Getting Spark Version — `version` Property

version: String

version returns the Spark version this SparkContext uses.

`makeRDD` Method

Caution

FIXME

Submitting Jobs Asynchronously — `submitJob` Method

submitJob[T, U, R](
  rdd: RDD[T],
  processPartition: Iterator[T] => U,
  partitions: Seq[Int],
  resultHandler: (Int, U) => Unit,
  resultFunc: => R): SimpleFutureAction[R]

submitJob submits a job in an asynchronous, non-blocking way to DAGScheduler.
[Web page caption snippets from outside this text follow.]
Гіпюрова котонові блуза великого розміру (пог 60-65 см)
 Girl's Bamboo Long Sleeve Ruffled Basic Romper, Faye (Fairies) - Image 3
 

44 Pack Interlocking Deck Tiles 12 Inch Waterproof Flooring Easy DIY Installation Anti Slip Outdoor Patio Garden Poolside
It cleans the processPartition input function argument and returns an instance of SimpleFutureAction that holds the JobWaiter instance.

Caution

FIXME What are resultFunc?

It is used in:

AsyncRDDActions methods
Spark Streaming for ReceiverTrackerEndpoint.startReceiver

Spark Configuration

Caution

FIXME

SparkContext and RDDs

You use a Spark context to create RDDs (see Creating RDD).

When an RDD is created, it belongs to and is completely owned by the Spark context it originated from. RDDs can’t by design be shared between SparkContexts.
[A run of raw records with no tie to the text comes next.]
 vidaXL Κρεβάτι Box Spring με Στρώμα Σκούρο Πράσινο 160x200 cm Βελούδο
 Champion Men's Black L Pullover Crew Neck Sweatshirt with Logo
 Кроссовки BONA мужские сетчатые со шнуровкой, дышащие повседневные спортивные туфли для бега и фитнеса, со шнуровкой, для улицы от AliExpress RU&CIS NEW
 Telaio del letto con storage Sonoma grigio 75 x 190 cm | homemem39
Figure 2. A Spark context creates a living space for RDDs.

Creating RDD — `parallelize` Method

SparkContext allows you to create many different RDDs from input sources like:

Scala’s collections, i.e. sc.parallelize(0 to 100)
local or remote filesystems, i.e. sc.textFile("README.md")
Any Hadoop InputSource using sc.newAPIHadoopFile

Read Creating RDDs in RDD - Resilient Distributed Dataset.

Unpersisting RDD (Marking RDD as Non-Persistent) — `unpersist` Method

Caution

FIXME

unpersist removes an RDD from the master’s Block Manager (calls removeRdd(rddId: Int, blocking: Boolean)) and the internal persistentRdds mapping.

It finally posts SparkListenerUnpersistRDD message to listenerBus.

Setting Checkpoint Directory — `setCheckpointDir` Method

setCheckpointDir(directory: String)

setCheckpointDir method is used to set up the checkpoint directory…FIXME

Caution

FIXME

Registering Accumulator — `register` Methods

register(acc: AccumulatorV2[_, _]): Unit
register(acc: AccumulatorV2[_, _], name: String): Unit

register registers the acc accumulator. You can optionally give an accumulator a name.

Tip	You can create built-in accumulators for longs, doubles, and collection types using specialized methods.

Internally, register registers acc accumulator (with the current SparkContext).

Creating Built-In Accumulators

longAccumulator: LongAccumulator
longAccumulator(name: String): LongAccumulator
doubleAccumulator: DoubleAccumulator
doubleAccumulator(name: String): DoubleAccumulator
collectionAccumulator[T]: CollectionAccumulator[T]
collectionAccumulator[T](name: String): CollectionAccumulator[T]

You can use longAccumulator, doubleAccumulator or collectionAccumulator to create and register accumulators for simple and collection values.

longAccumulator returns LongAccumulator with the zero value 0.

doubleAccumulator returns DoubleAccumulator with the zero value 0.0.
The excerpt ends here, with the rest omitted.